Throughout the life of a flowing well, a variety of systems can (and often will) be used. Sometimes these mechanical lifts are used in sequence, on more than one occasion, or even in conjunction with one another. In most oil field cases, there are four common artificial lift types used; these include:

  • Electric Submersible Pump – a pump located at the base of the well, and powered by electricity from the surface.
  • Gas Lift– a type of artificial lift where natural gas is injected into the tubing at specific intervals to help lighten the weight of the fluid, and thus progress upward towards the surface.
  • Hydraulic Lift – contains a hydraulic pump powered by oil or water that is pumped down into the well.
  • Mechanical Lift– a lift operated by an engine or motor located on the surface.
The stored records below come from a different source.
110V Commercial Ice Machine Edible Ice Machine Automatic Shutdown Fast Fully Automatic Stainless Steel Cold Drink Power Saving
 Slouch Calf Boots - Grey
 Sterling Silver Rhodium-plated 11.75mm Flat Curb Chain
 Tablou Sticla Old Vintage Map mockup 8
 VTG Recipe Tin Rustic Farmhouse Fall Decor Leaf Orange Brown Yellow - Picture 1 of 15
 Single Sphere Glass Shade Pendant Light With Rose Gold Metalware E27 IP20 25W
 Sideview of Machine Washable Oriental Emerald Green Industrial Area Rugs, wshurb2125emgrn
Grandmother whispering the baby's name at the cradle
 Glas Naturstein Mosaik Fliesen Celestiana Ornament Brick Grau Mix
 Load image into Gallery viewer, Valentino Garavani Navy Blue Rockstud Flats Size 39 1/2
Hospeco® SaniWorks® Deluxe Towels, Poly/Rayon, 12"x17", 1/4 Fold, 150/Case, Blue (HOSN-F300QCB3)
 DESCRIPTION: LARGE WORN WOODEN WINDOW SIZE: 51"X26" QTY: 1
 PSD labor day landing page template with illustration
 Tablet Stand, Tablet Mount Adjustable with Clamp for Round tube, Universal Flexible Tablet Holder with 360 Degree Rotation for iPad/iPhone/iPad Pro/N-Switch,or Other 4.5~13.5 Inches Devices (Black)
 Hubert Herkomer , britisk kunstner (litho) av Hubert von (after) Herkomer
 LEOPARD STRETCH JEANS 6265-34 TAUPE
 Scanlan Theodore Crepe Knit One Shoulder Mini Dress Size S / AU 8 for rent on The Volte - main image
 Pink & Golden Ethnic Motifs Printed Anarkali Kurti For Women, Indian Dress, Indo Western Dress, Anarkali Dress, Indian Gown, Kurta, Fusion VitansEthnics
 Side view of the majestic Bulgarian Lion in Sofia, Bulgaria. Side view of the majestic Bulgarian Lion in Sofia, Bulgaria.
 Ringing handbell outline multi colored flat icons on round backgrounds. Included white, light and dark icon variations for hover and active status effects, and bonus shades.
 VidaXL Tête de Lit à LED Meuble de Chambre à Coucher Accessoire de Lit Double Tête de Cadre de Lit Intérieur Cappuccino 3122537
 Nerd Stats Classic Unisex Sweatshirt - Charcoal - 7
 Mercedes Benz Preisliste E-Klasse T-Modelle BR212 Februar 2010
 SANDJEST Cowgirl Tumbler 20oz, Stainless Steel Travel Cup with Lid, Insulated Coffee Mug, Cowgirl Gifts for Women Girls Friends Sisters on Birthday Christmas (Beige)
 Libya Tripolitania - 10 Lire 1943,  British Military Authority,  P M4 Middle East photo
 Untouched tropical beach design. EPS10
While all four systems have their own distinct advantages and disadvantages; lease pumpers tend to use mechanical lifts more often than other options. To understand a little more about the pump operations of this device, make sure you grasp these important areas.

Mechanical Lifts


The Basics of Mechanical Lifts

Mechanical pumping units use the same operating principles as a water well (that contains a standing and traveling ball at the bottom, a string of sucker rods, a power source at the top/surface) or windmill to function. These systems are sometimes referred to as rod pumping units, and utilize an up and down reciprocating motion.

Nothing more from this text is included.